The Wi-Fi Alliance is planning 802.11ax as a significant upgrade to the 802.11ac standard. It will coordinate multiple antennas to send multiple streams of data to devices, with each stream split again with orthogonal frequency division multiple access, or OFDMA, a variant of the technology used in cellular networks. The result is a bigger pipeline for devices to transmit data.

That contrasts with earlier technologies, which created multiple streams but only assigned one to each device. The new standard will be more efficient and provide download speeds over 10 gigabits per second. It aims to provide better coverage in places filled to the brim with mobile devices and connected sensors, like apartment buildings and offices.

In the view of industry analysts, the 802.11ax standard will become one of the major evolutionary stages of Wi-Fi, while others like HaLow will splinter into specialized applications. More than half the Wi-Fi chips sold in 2021 will employ 802.11ax, according to Andrew Zignani, an industry analyst at ABI Research, a technology research firm.
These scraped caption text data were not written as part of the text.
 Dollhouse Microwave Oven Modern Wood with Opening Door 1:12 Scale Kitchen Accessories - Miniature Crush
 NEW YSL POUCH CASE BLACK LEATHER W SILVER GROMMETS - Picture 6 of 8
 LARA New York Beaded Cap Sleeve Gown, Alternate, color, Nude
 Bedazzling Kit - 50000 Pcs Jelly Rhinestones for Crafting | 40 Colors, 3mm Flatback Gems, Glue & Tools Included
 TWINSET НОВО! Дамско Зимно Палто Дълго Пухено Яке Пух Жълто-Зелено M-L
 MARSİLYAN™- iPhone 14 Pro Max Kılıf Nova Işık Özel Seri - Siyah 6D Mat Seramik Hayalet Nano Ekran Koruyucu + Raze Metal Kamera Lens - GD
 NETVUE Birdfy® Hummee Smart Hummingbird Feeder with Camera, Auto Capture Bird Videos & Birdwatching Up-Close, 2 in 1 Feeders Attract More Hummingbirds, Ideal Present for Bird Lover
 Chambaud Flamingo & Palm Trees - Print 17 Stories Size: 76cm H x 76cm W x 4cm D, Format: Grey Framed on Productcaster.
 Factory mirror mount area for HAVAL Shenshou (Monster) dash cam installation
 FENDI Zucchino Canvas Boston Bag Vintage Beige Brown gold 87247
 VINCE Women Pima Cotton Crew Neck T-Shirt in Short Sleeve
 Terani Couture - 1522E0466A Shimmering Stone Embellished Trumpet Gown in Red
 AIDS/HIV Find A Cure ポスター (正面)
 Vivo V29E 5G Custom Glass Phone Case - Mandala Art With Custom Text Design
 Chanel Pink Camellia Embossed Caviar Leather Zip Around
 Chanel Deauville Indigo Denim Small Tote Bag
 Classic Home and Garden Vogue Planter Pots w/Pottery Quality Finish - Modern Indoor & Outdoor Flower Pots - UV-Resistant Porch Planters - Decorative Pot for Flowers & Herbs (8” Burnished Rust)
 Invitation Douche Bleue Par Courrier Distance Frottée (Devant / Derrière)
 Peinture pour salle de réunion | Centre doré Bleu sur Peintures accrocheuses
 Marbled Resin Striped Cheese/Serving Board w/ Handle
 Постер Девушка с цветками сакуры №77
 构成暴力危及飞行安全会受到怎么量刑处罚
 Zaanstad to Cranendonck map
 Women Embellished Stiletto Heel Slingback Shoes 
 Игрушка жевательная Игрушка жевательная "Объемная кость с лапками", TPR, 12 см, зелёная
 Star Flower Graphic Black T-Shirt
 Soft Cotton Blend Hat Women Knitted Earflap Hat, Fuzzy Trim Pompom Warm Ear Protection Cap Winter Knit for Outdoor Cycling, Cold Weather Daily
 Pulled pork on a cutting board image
He also estimates that more than 20 billion Wi-Fi chips will ship between 2016 and 2021.

Quantenna is known for releasing chips based on new and emerging versions of Wi-Fi. Their latest chip handles an early draft of the 802.11ax standard. (Image courtesy of Quantenna).

It will also push Wi-Fi further into the 5 GHz spectrum, which holds more room for wireless traffic than the 2.4 GHz band used by other standards. The QSR10G-AX chip is capable of creating 12 streams, with eight in the 5 GHz band.

Founded in 2006, Quantenna makes Wi-Fi chips for wireless routers and set-top boxes. The company says that it has sold more than 60 million chips to telecommunications companies like AT&T and Telefonica. But it has also become known for releasing chips for embryonic Wi-Fi standards like 802.11ax.

The company released the first 802.11ac chip for consumer electronics nearly two months before Broadcom, the biggest maker of Wi-Fi chips for mobile devices and routers, in late 2011. Quantenna has also jumped ahead in chips based on new versions, or Waves, of the larger 802.11ac standard.

That quickness has encouraged investors to pour money into the Sunnyvale, Calif., company. It has raised around $160 million in funding over the last decade from Sequoia Capital, DAG Ventures, Venrock, among others.

Quantenna’s sharpening focus on new standards could give it more bargaining power with investors when it goes public this week. On Monday, the company launched its initial public offering on the Nasdaq stock exchange, with an eye toward mustering over $100 million. Its stock ticker will be QTNA.

It is a rare I.P.O. for the semiconductor industry. For chipmakers, venture capital funding has dried up over the last decade as the cost and time involved with making new chips has increased sharply.

In recent years, chipmakers have resorted to buying smaller and scrappier competitors in an attempt to keep growing and building more advanced chips. Earlier this year, Avago Technologies closed the bombshell $37 billion deal for Broadcom, one of Quantenna’s biggest competitors.

Quantenna plans to begin sampling the QSR10G-AX chip in early 2017. It did not say when it would enter production.